The most important words in the part of the coalition agreement between the Likud and the Religious Zionist Party are "in coordination and agreement with the prime minister."
The most contentious issue – and one that could cause the biggest rift with the US and international community – is Israel's policy in the West Bank.
Netanyahu gave Smotrich a foothold in the Defense Ministry, with an RZP minister responsible for settlement in the West Bank who will act – and this is key – "in cooperation and agreement" with Netanyahu.
This means that every significant decision regarding the West Bank will need Netanyahu's approval.

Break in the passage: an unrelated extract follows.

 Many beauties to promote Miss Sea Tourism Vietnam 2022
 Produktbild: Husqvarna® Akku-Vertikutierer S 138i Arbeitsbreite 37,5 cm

Netanyahu knew that if the full responsibility was given to RZP, it would only be a matter of time until Israel came under attack from its allies – leading to pressure on Netanyahu, ultimately destroying his government and ruining his legacy.
Headaches for Likud
Netanyahu knew that at some point or other this would explode, and therefore managed to completely avoid it by defusing the bomb. The Likud chairman will still have his fair share of headaches because of his coalition partners, but the most painful one was avoided.
This was the primary reason that the talks took so long, and the reason why Netanyahu's negotiating team did everything it could to get Smotrich off the tree he had climbed up – first to give up on becoming defense minister, then to give up on the Civil Administration moving to the Finance Ministry, and finally on the ability to have exclusive rights to decisions over such sensitive matters.
Netanyahu did the exact same thing to Otzma Yehudit’s Itamar Ben-Gvir, who received a fat package, including an enlarged public security ministry that included certain power in the West Bank – with the Judea and Samaria Border Police moving from the Defense Ministry to Ben-Gvir.
Yet a short phrase in that agreement also proved crucial – "the prime minister will form and lead a ministerial committee to regulate the young settlements in the West Bank".
The young settlement issue was crucial to both Ben-Gvir and Smotrich, but, once again, the final say will be Netanyahu's.
Outgoing Finance Minister MK Avigdor Liberman jested on Monday that one thing he could promise was that if Netanyahu stood at the head of the committee, nothing would happen.
Liberman knew what he was talking about. As long as the final decision is Netanyahu's, he will retain control over the most significant decisions in the West Bank – and managed to maneuver both Smotrich and Ben-Gvir in order to achieve this.